Espaces. Déplacements. Dérives. 01
La conférence du 3 décembre 2008 a été ouverte par la présentation de Thiery Davila sur «Le déplacement dans le processus de création artistique». Ses propos sont présentés en détail dans son livre Marcher, Créer. L’idée centrale de cette conférence est que l’artiste, en quittant son atelier —espace classique par excellence de travail créatif— trouve dans le déplacement un outil privilégié de création. Pour des artistes comme Gabriel Orozco et Francis Alÿs, la notion d’atelier comme lieu de production commence alors à se défaire. «Cela signifie que chez eux, marcher est un moyen artistique, politique d’interroger le monde tel qu’il va, de s’y insérer, de le transformer d’une manière infra mince à partir d’actes, de gestes frappants.»
(«Le déplacement un outil artistique spéculatif» Thierry Davila http://www.synesthesie.com/mobilites/popup/davila_texte.html )
Les artistes qui marchent sont comme des explorateurs. Je ne pense pas qu’il s’agit de trouver quelque chose de précis au but de ce voyage, c’est plutôt l’acte en soi de se déplacer et ce dialogue permanent avec la ville qui compte. Des artistes comme Francis Alÿs, Gabriel Orozco ou le groupe Stalker à Rome entretiennent des rapports très vivants avec l’espace urbain. Leur démarche n’est pas sans référence, surtout quand on pense à l’image baudelairienne du flâneur, bien définie par Walter Benjamin dans son livre Paris, Capitale du XXe siècle.

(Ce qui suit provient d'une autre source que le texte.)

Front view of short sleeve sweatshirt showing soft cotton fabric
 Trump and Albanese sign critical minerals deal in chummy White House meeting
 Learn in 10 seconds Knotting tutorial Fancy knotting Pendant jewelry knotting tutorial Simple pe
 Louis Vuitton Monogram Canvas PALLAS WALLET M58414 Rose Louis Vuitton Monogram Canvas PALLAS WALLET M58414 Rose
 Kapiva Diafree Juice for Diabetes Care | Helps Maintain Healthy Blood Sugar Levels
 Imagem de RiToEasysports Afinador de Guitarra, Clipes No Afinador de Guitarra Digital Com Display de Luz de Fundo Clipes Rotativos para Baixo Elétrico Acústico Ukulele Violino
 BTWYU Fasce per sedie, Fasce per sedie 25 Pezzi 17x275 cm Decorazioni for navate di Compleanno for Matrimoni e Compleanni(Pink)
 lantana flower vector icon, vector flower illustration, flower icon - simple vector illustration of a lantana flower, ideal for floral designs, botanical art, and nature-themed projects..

De plus, il y a aussi la pratique de la dérive telle que les situationnistes l’ont mise en valeur. Le mouvement est aussi un outil d’expérience, de mise à l’épreuve du réel, d’expérimentation du réel. L’art ne se limite plus à la volonté du créateur mais il est vécu par tout le monde: par les passants, par les habitants de l’immeuble qui exposent leurs oranges à la fenêtre, à la demande de l’artiste, par les touristes… Le rôle de l’artiste change également. Il ne détient plus le contrôle absolu de son œuvre. Il donne seulement le premier coup de pouce. Le reste se fait par soi même. L’artiste acquiert le statut d’un nomade. Il explore le milieu urbain. La ville est comprise en tant qu’organisme vivant, qui respire, vit par ses habitants…On peut y prendre son pouls, l’écouter, la filmer, la photographier.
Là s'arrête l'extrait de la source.